Our research has recently focused on derivatization of Asp, Glu, Ser, and Thr prior to sequencing in order to avoid side -reactions with these amino acids. The necessary modifications have been incorporated in our automated sequencing method. Selective amidation of the Asp and Glu side-chains (J. Org. Chem. 60, 2581-2587, 1995) is performed under basic conditions after delivery of the carboxyl-group activating reagent, acetic anhydride (Ac2O). Selective amidation of Asp and Glu side -chains is possible because the carboxyl-terminus forms a different activated species than the side-chain carboxyl groups: the activated a-carboxyl group forms an oxazolone, while the side-chain carboxyl groups of Asp and Glu residues form mixed anhydrides. The side-chain mixed anhydrides are susceptible to nucleophilic reactions under basic conditions, but the carboxyl-terminal oxazolone is ionized and therefore unreactive. Piperidine thiocyanate dissociates under basic conditions, and piperidine reacts with the activated (but neutral) Asp and Glu side-chain mixed anhydride but does not react with the ionized oxazolone at the carboxyl-terminus. Asp and Glu residues are thereby converted into the corresponding piperidine amides. The carboxyl-terminal oxazolone is converted into a TH under acidic conditions with tetrabutylammonium thiocyanate.
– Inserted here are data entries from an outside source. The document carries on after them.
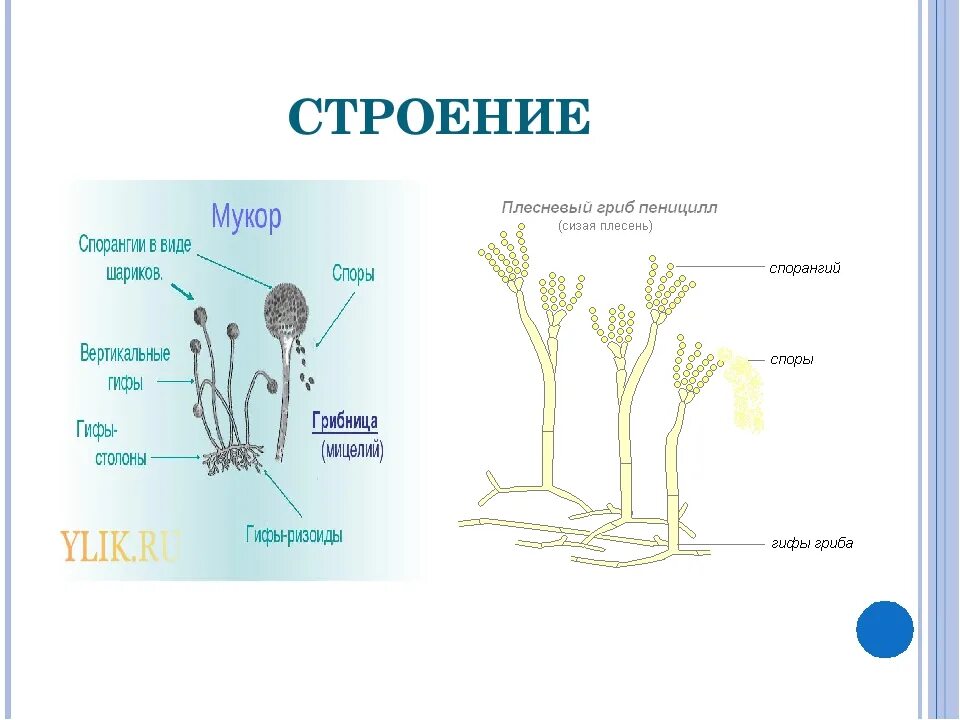 Рассмотрите изображение шести организмов пеницилл мукор. Строение грибницы плесневого гриба. Строение плесневого гриба пеницилла. Строение плесневого гриба мукора. Строение плесневых грибов мукор.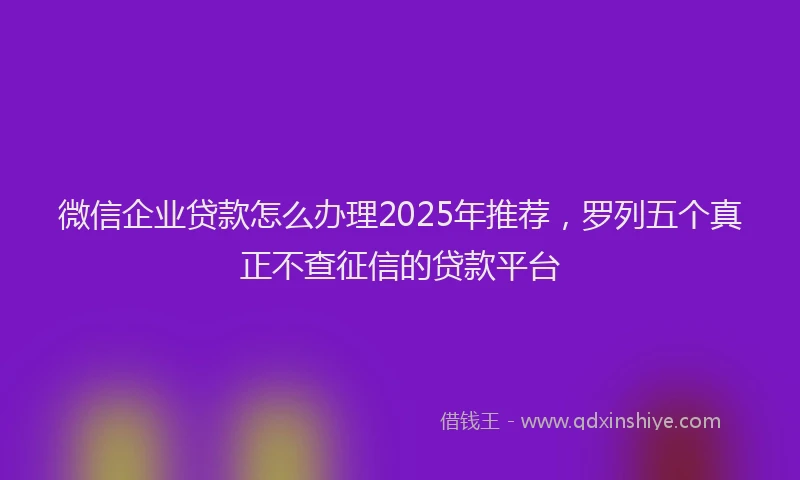 微信企业贷款怎么办理2025年推荐，罗列五个真正不查征信的贷款平台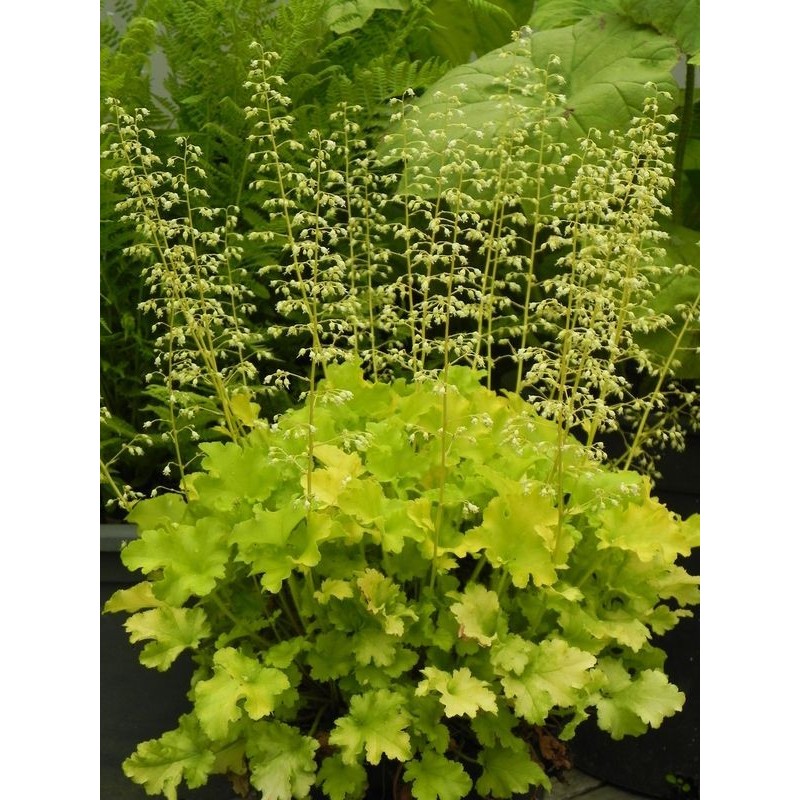 żurawka ogrodowa (Heuchera x hybrida) Lime Marmalade- Świat bylin - sklep internetowy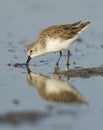 Dunlin, Calidris alpina Royalty Free Stock Photo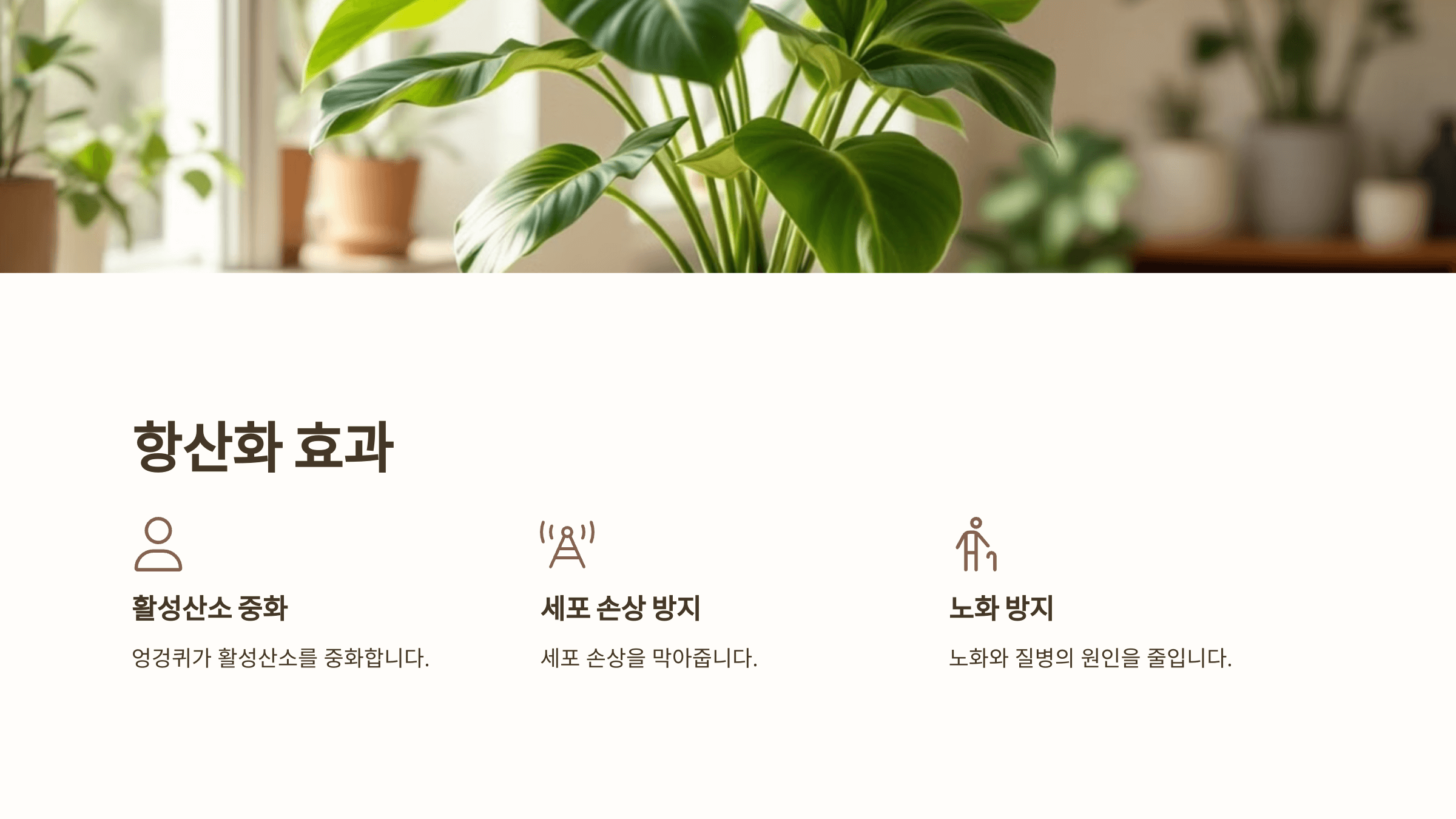 엉겅퀴와 관련된 사진입니다.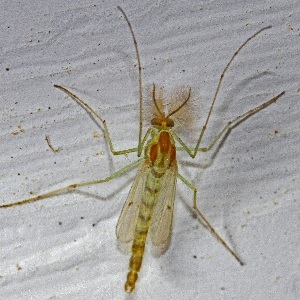 midge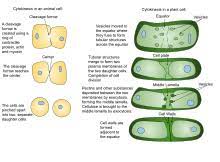 Difference between plant and animal cell cycle. Cytokinesis Wikipedia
Amidation of Asp and Glu may also be performed after converting the carboxyl-terminus into a TH. Like the oxazolone, a TH ionizes under basic conditions and will not react with piperidine under the reaction conditions that convert a mixed anhydride into the amide.

The hydroxyl groups of Ser and Thr are acetylated on the Procise C with Ac2O during sequencing by using an acylation catalyst, N-methylimidazole (NMI). However, the use of NMI with Ac2O also catalyzes unwanted side-reactions with the carboxyl-terminal carboxyl group (oxazolone) or TH. Therefore, acetylation of the Ser and Thr hydroxyls is performed after forming an ATH at the C-terminus. Sequencing is improved using the Ser/Thr acylation protocol, and the residues are detected as their respective dehydro-ATH derivatives.

A 5-minute pretreatment of the PVDF-bound protein with phenylisocyanate (PIC) also helps to protect the hydroxyl groups of Ser and Thr by acylation. The "capping" of the hydroxyl groups by PIC is similar to the capping of the 5'-hydroxyl during DNA synthesis. PIC efficiently derivatizes the e-amino group of lysine residues (and the amino-terminus) forming phenylureas. The increased hydrophobicity of a protein due to PIC modification aids in retaining the protein on the hydrophobic PVDF support. In our experience, most proteins sequence with a higher initial yield if first modified by PIC.

Figure 1: Carboxyl-terminal sequencing chemistry used on the PE/Applied Biosystems Model 490 Procise C Sequencer.

Each cycle is analyzed for the cleaved ATH by HPLC, and the ATH is identified by comparison to an amino acid ATH standard chromatogram. A strength of the sequencing method is the absence of a "build-up" of a background in the HPLC during successive cycles of sequencing. However, residual bromo -methylnapthalene and its byproducts are seen during HPLC analysis and constitute a regular chemical fingerprint seen during each analysis. The largest of these peaks is seen at a retention time of 30 minutes and has been identified as methylnapthylthiocyanate (MNTC), formed from the reaction of the alkylating reagent with thiocyanate. To reduce the presence of MNTC, we wash the valve blocks and reaction chamber with gaseous TFA and with ethylacetate at the onset of each cycle. Reducing the size of the MNTC peak and adjusting the mobile phase and gradient during HPLC analysis results in the resolution of the reference standards from each other and the MNTC peak. A chromatogram of 17 of the ATH reference standards and the MNTC peak is provided in Figure 2. Missing from the chromatogram are Pro, Ser, and Cys. Pro generally stops sequencing. Ser is seen occasionally as dehydroalanine and is resolved from the other ATH reference standards. The consistent detection of dehydroalanine, however, requires further cycle development. Cys, if alkylated with acrylamide, is readily detected as the ATH at about 11 minutes (but was not yet available as a reference standard at the time of this presentation).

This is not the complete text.